Shepherd-Cross, whose Custodian snapped up the small Drum Income Plus two years ago,  said the ‘driver for consolidation’ was coming from shareholders, largely the wealth managers that are themselves consolidating into larger businesses and are calling for trusts to scale up in size and liquidity.

‘When we launched [in 2014] we were told that £100m would be big enough but that figure is now £750m,’ he said.

‘There needs to be consolidation. There are funds at deep discounts that are too small and it is difficult to see how they will work unless they take the Ediston approach and offer themselves to market.’

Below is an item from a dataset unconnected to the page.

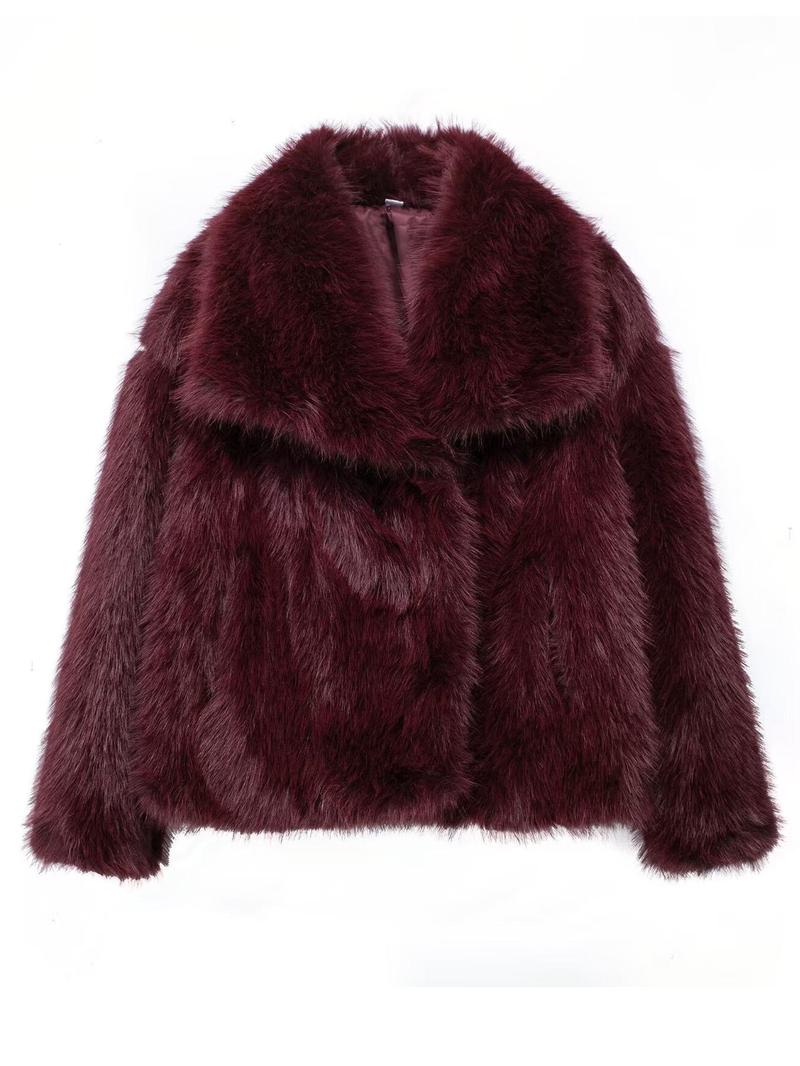 Product Introduction of Women's Solid Color Faux Fur Luxury Jacket, Priscilla Fur Coat, Casual Warmth Long Sleeve Collared Fuzzy Coat for Fall & Winter, Women's Clothing for Daily Wear Outerwear Womenswear Tops 9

He added that it was ‘disappointing’ that Ediston ‘went overseas and didn’t stay UK listed’, having sold to US-based Realty Income for £198m in September.

Hobart said there were ‘benefits of acquiring companies which are at deep discounts to NAV’ although he said the discounts ‘ultimately suggest that the shareholders do not have a strong belief in those companies’.

‘M&A can be very accretive… Raising capital would be a great opportunity. We are at a discount to NAV, although not as deep as some, and we are always running the rule over opportunity to see where we can enhance the portfolio,’ Hobart said.

Improve disclosure

Alan Brierley, an analyst at Investec, agreed with the need to improve ‘disclosure around cashflow and earnings’ but said it should go far wider than just Reits.

‘I think it goes beyond Reits and applies to much of the alternative sector,’ he said.

‘[Given] the holy grail of attracting new institutional investors, both domestically and internationally, we do wonder whether we need to move the debate on from the traditional focus on NAVs to earnings and cashflow metrics,’ he said.